We have seen that Pandas is a power tool for loading and organizing data sets, as well as computing summary statistics from them. In nearly all applications with data, and indeed with theoretical models, we want to be able to plot them. In this section, we will learn about how to make plots with Bokeh.

Importantly, note that Bokeh’s submodules often have to be explicitly imported, as we did in the code cell at the top of this notebook. Note also that if you want your plots to be viewable (and interactive) in the notebook, you need to execute

bokeh.io.output_notebook()

at the top of the notebook (as we have done). Finally, note that we also have to have installed the Bokeh JupyterLab extension, which we did in Chapter 0.

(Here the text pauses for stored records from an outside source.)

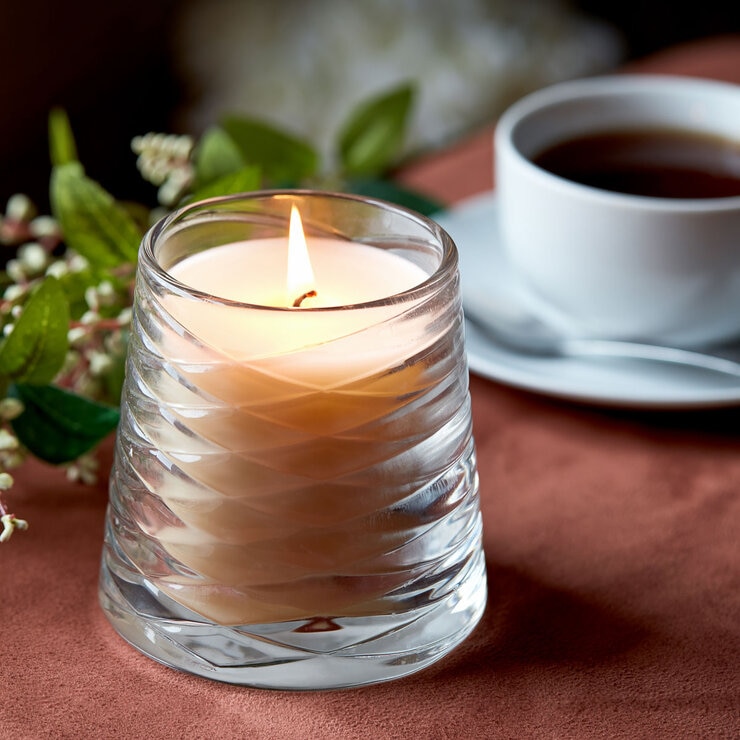 Lifestlye image of candle in clear glass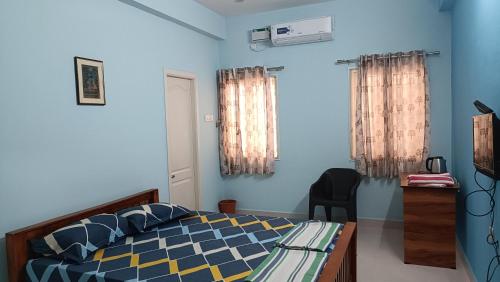 a bedroom with a bed with blue walls and curtains at Shantham Service Apartments, Indumanagar, Coimbatore in Coimbatore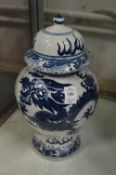 A pair of Chinese baluster shaped vases and covers painted with dragons.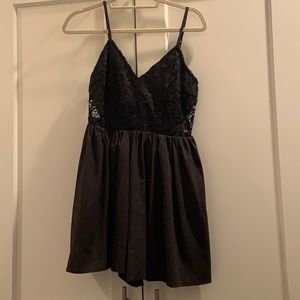 Tobi black romper (never worn)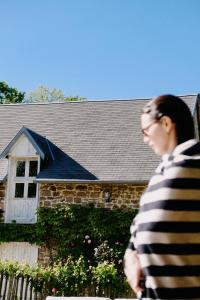 a woman walking in front of a house at Maison Hyacinthe in Saint-Pierre-Langers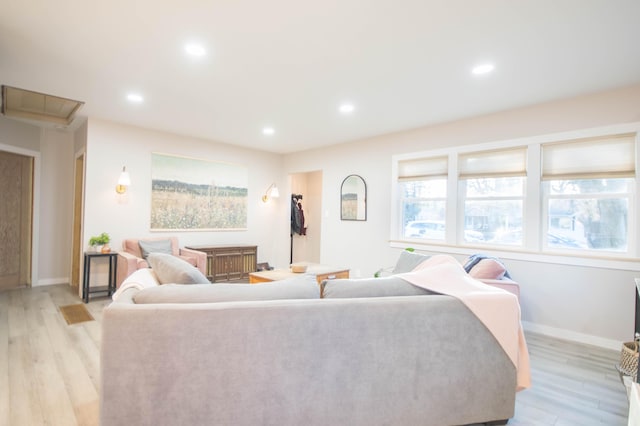 living area with light wood-type flooring, attic access, baseboards, and recessed lighting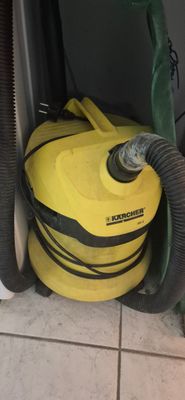 a yellow vacuum sitting on the floor next to a green hose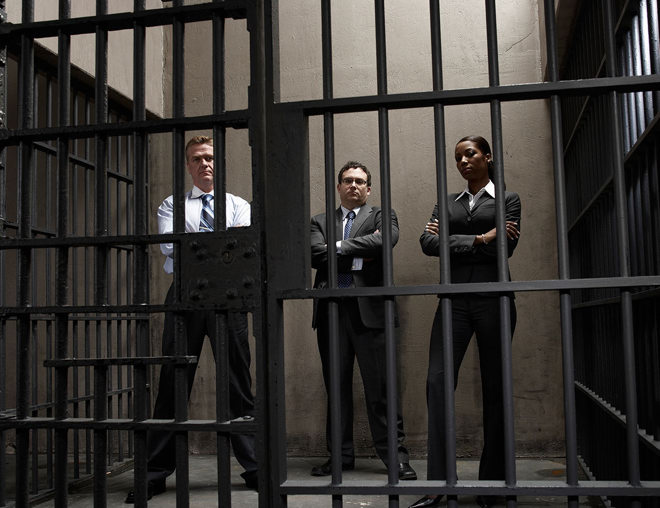 3 people wearing business suits with arms crossed standing inside a prison cell.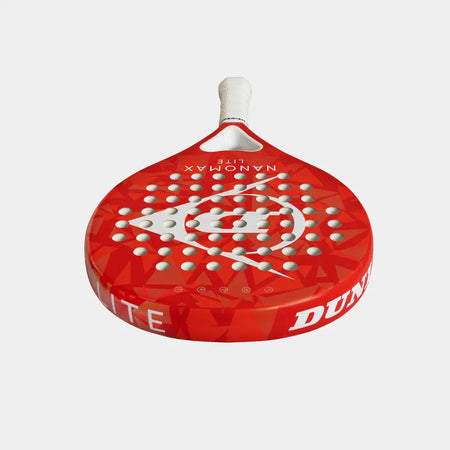 The Dunlop Nanomax Lite Padel Racket features a red design with white holes, a white handle, geometric pattern, and "NANOMAX LITE" text. Its durable graphite frame and hybrid headshape offer enhanced performance.
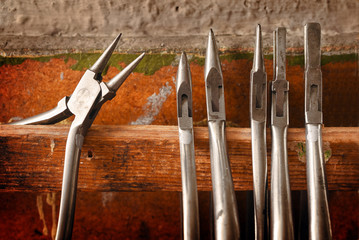 different pliers from a goldsmith, tools on the jewelry workplace, selected focus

Bokeh’s grammar and our first plot with Bokeh

Constructing a plot with Bokeh consists of four main steps.

  1. Creating a figure on which to populate glyphs (symbols that represent data, e.g., dots for a scatter plot). Think of this figure as a “canvas” which sets the space on which you will “paint” your glyphs.

  2. Defining a data source that is the reference used to place the glyphs.

  3. Choose the kind of glyph you would like.

  4. Annotate the columns of data source to determine how they are used to place (and possibly color, scale, etc.) the glyph.

After completing these steps, you need to render the graphic.

Let’s go through these steps in generating a scatter plot of the data set So you have the concrete example in mind, the final graphic will look like this:

first_bokeh_plot

Before plotting, we of course to load in the data set and compute the normalized intensity for each strain as we did in the previous section.

[2]:
df = pd.read_csv(os.path.join(data_path, "elowitz_et_al_2002_fig_3a.csv"))

df[["norm CFP", "norm YFP"]] = df.groupby("strain", group_keys=False)[
    ["CFP", "YFP"]
].apply(lambda x: x / x.mean())

With the data set ready, we can proceed to plotting.

  1. Our first step is creating a figure, our “canvas.” In creating the figure, we are implicitly thinking about what kind of representation for our data we want. That is, we have to specify axes and their labels. We might also want to specify the title of the figure, whether or not to have grid lines, and all sorts of other customizations. Naturally, we also want to specify the shape of the figure.

(Almost) all of this is accomplished in Bokeh by making a call to bokeh.plotting.figure() with the appropriate keyword arguments. Note that we set the x_range and y_range keyword arguments such that the x- and y-axes have the same scale.

[3]:
# Create the figure, stored in variable `p`
p = bokeh.plotting.figure(
    frame_width=300,
    frame_height=300,
    x_axis_label='norm. CFP intensity',
    y_axis_label='norm. YFP intensity',
    x_range=[0.65, 1.45],
    y_range=[0.65, 1.45],
)

There are many more keyword attributes you can assign, including all of those listed in the Bokeh Plot class and the additional ones listed in the Bokeh Figure class.

  1. Now that we have set up our canvas, we can decide on the data source. It is convenient to create a ColumnDataSource, a special Bokeh object that holds data to be displayed in a plot. (We will later see that we can change the data in a ColumnDataSource and the plot will automatically update!) Conveniently, we can instantiate a ColumnDataSource directly from a Pandas data frame.

[4]:
source = bokeh.models.ColumnDataSource(df)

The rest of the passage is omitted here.